Я шёл по лесной тропе, вспоминая слова Ёнчжу… Молоть языком о спасении человечества, не зная его боли, его больных мест, и даже не желая этого знать, – что это, как не позорная самозащита сбежавших от реальности трусливых дезертиров?
Возможно, она права. Наверное, в каком-то смысле монахи – это неудачники, не способные к нормальной социальной жизни. Во времена Силлы[31] монахами становились только представители высших классов – те, кого называли «святая кость» и «истинная кость». Может, потому тогда и было так много подвижников. Сейчас же полно примеров, когда в монастырь уходят не сумевшие устроиться в жизни выходцы из самых низших слоёв: для них это средство к существованию. Нищеброды, которые в миру и монеты в пятьсот вон в глаза не видели, приходят в монастырь, бреют головы, надевают робы – и вот уже верующие кланяются им в ноги: «сыним», «сыним»[32]… Пожертвования текут рекой… А они как нечего делать несут лживый вздор о спасении человечества…

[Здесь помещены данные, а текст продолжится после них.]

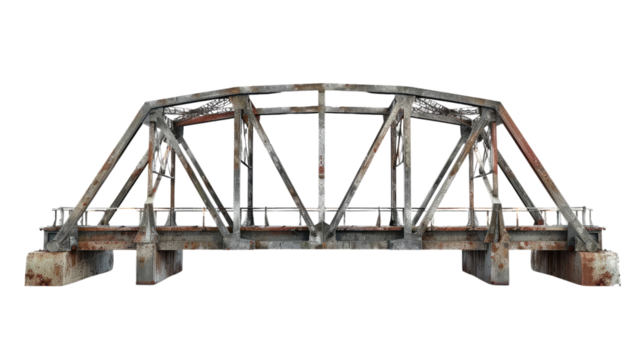 Iron bridge on a transparent background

В эту минуту откуда-то послышались странные звуки. Они походили на шум воды в водовороте и на курлыканье ночной птицы; так шипит уж, заползший дождливой ночью под конёк крыши павильона бодхисаттвы Кшитигарбхи. Звуки доносились из густых зарослей леспедецы. Я подошёл ближе. Ветви кустарника мелко дрожали, точно зыбь на воде. Сглотнув, я устремил взгляд в самый очаг, откуда исходила эта дрожь. О-о… Я зажмурился.
Белые упругие женские ноги и тёмные волосатые мужские тряслись, переплетясь, точно змеи. Девушка, словно очарованная, закрыла глаза; у её головы лежали хорошо знакомые мне красные шлёпанцы.

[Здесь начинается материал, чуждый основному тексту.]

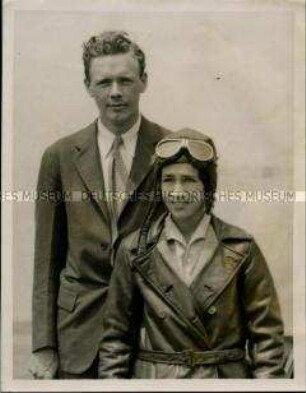 Charles Lindbergh mit seiner Frau Anne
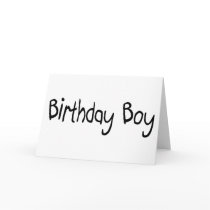 Birthday Boy cards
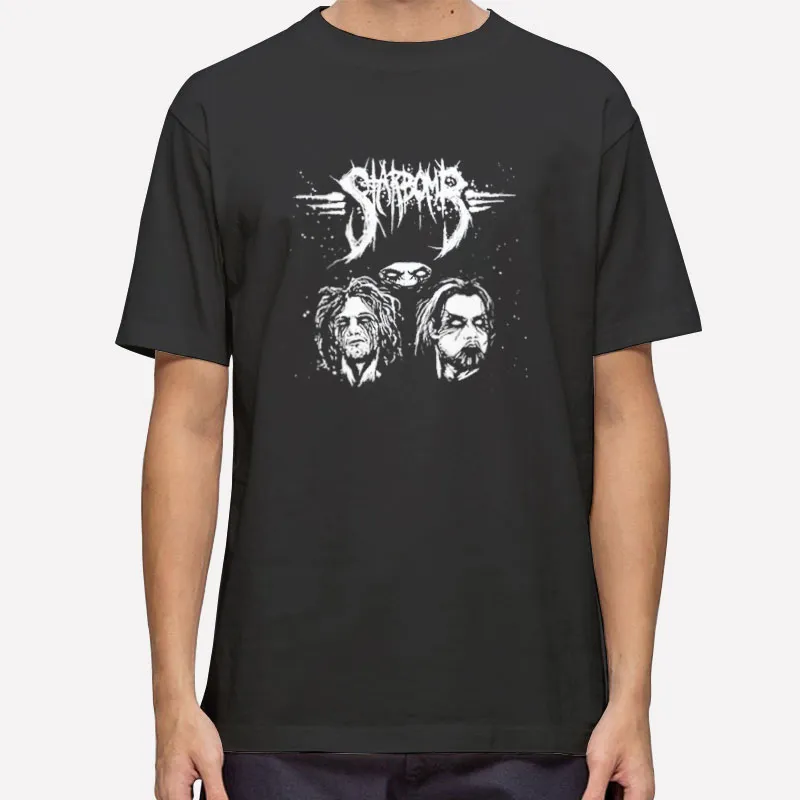 Star Bomb Merch Black Metal Shirt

Внезапно мой слух поразил стрёкот цикад. Странно, но он походил на возглас «ом-нам»: так монахи восклицают хором во время поминальной службы. Ом-нам, ом-нам, ом-нам…
Я одним духом сбежал с горы. Из глаз текли жалкие слёзы. Было такое чувство, будто я вдруг узрел истину жизни.
Той ночью я никак не мог заснуть. Перед глазами то и дело всплывало увиденное в лесу… Четыре задранные к небу пляшущие ноги. Крупные белые ягодицы, круглые, точно полная луна. Повисшие на щиколотке алые женские трусики… О-о… Обливаясь слезами, я предался рукоблудию – впервые с тех пор, как поступил в монастырь.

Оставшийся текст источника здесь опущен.